Last modified: 2013-10-21 15:05:47 UTC
We unconditionally respect the X-Forwarded-For header that gets fed into kraken's machineries. Regardless of whether the client IP is a trusted one, or it is not a trusted one. This distorts our reports/graphs. Instead, we should only respect the X-Forwarded-For header for the client IPs in $wgSquidServersNoPurge in wmf-config/squid.php of operations/mediawiki-config.
Prioritization and scheduling of this bug is tracked on Mingle card https://mingle.corp.wikimedia.org/projects/analytics/cards/1191
Although Ops only seem to trust $wgSquidServersNoPurge in wmf-config/squid.php of operations/mediawiki-config (private Email with Faidon, and afterwards analytics-internal), the Wikipedia Zero team also seem to trust the X-Forwarded-For header also from Opera proxies (private emails that lead up to: https://raw.github.com/wikimedia/metrics/5fb67552555c32e4cd4b08b6c4d4ec264b07351f/pageviews/zero/pageview_zero.png ).
We currently trust XFF from all SSH and OPERA IPs listed at http://meta.wikimedia.org/wiki/Zero:-OPERA SSH is not yet handled by the Zero since all partners use DPI for whitelisting, effectively ignoring HTTPS traffic
(In reply to comment #3) > We currently trust XFF from all SSH [...] I do not know SSH in this context. What does it stand for?

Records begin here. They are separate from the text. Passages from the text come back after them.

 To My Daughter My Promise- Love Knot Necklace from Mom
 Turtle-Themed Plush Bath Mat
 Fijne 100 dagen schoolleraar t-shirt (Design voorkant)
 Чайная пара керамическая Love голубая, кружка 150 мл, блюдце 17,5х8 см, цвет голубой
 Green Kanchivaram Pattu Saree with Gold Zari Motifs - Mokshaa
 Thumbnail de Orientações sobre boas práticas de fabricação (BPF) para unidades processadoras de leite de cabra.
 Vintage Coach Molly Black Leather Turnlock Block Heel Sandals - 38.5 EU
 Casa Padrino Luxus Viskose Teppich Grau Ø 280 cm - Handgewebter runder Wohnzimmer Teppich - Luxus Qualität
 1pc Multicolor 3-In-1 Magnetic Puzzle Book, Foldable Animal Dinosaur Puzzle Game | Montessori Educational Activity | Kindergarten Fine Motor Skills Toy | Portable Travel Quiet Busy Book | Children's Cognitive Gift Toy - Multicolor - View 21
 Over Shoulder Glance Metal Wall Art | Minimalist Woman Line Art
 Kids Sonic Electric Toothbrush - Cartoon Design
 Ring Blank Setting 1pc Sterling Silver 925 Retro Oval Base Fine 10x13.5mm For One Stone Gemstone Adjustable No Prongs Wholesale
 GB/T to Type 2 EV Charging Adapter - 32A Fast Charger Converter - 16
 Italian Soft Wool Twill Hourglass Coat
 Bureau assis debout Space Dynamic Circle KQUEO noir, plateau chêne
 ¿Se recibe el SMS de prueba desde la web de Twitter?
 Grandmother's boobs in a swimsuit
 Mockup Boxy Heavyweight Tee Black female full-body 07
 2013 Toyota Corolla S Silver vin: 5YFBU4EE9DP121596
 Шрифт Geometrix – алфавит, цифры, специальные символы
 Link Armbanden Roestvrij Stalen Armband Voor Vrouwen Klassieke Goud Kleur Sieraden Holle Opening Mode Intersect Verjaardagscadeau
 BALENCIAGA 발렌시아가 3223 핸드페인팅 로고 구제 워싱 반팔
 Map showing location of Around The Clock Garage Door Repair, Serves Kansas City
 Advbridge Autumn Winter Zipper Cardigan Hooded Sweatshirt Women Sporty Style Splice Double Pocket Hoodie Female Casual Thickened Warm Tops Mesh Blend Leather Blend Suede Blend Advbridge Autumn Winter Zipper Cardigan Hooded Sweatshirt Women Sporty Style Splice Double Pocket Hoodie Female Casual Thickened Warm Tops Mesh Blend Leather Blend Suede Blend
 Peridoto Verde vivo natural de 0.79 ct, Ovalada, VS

(I don't understand what SSH means here either) squid.php is what MediaWiki considers as trusted as an XFF source (e.g. what would appear on IP edits). Ops doesn't have such whitelists -- apart from the very unusual & special Zero detection, we don't care about the values of XFF, so far. I think Analytics should move into a direction that makes sense for you from an analytics perspective (e.g. you even be able to tell us what other large proxies exist out there, purely by analyzing the request stream :) and we might find a way to converge such info in the future.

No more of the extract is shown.